● **PROBLEM TO SOLVE**
Copy exactly, beginning with the line holding "Couple holding hands" and ending with the final line of the data beneath this task; copy nothing else, and leave out every picture.

-------------------------

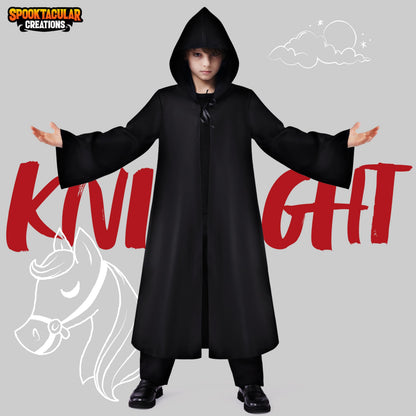 Boys Black Hooded Cloak Knight Costume - Kids Halloween Tunic Robe – Ventayo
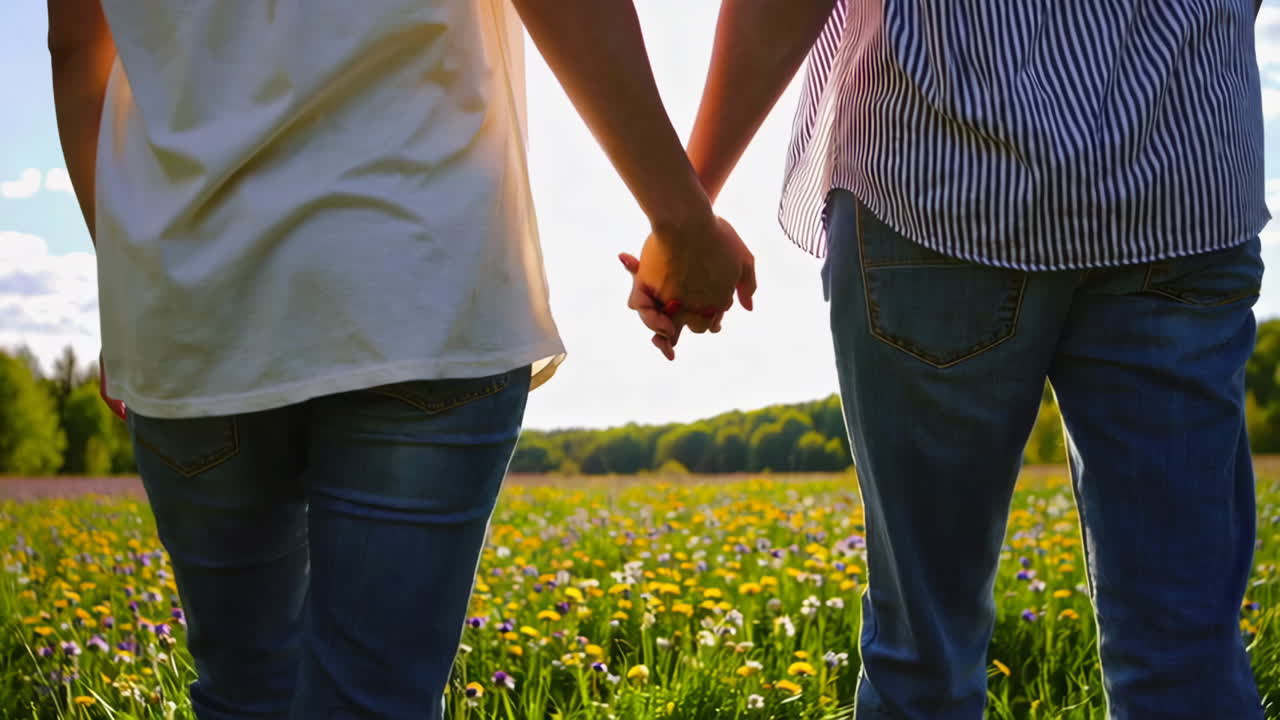 Couple holding hands in a sunlit flower field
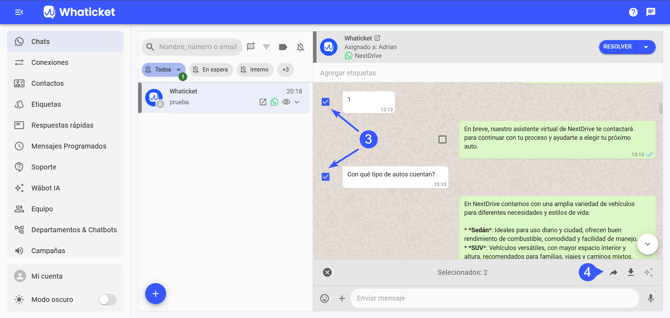 Ventana Iniciar un chat para reenviar mensajes en Whaticket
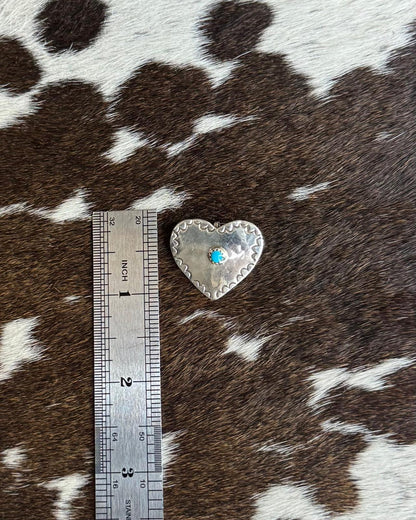 Silver One Stone Heart Pin/ Pendant *Native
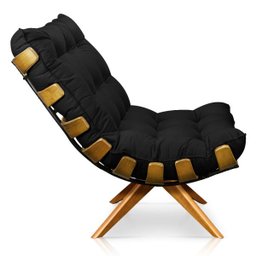 Poltrona Giratória Costela Suede Preto Base Madeira Ma25 - D'Rossi - 4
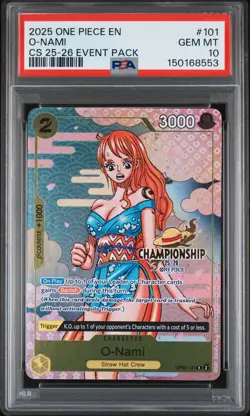 2025 ONE PIECE CHAMP 2025-26 EVENT PACK #101 O-NAMI PSA 10 - Image 1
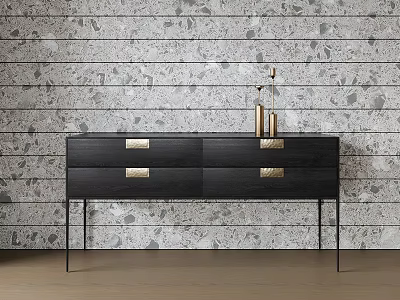 Modern Black Entryway Side Cabinet With Drawers Metal Handles And Slim Legs 3d model
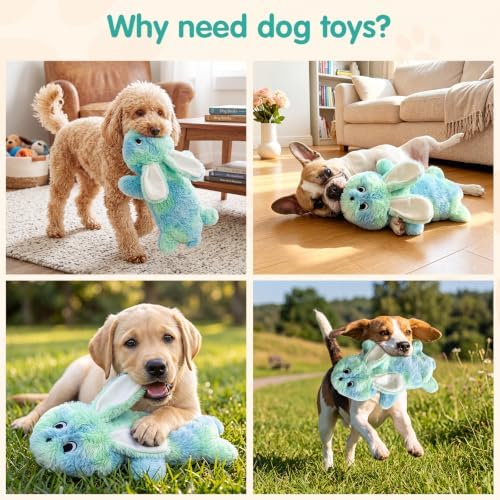 Fuufome Squeaky No Stuffing Dog Chew Toy, Interactive Crinkle Toy for Dogs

-------------------------

● **OUTPUT OF THE EXERCISE**
 Couple holding hands in a sunlit flower field
 Ventana Iniciar un chat para reenviar mensajes en Whaticket
 Silver One Stone Heart Pin/ Pendant *Native
 Poltrona Giratória Costela Suede Preto Base Madeira Ma25 - D'Rossi - 4
 2025 ONE PIECE CHAMP 2025-26 EVENT PACK #101 O-NAMI PSA 10 - Image 1
 Modern Black Entryway Side Cabinet With Drawers Metal Handles And Slim Legs 3d model
 Fuufome Squeaky No Stuffing Dog Chew Toy, Interactive Crinkle Toy for Dogs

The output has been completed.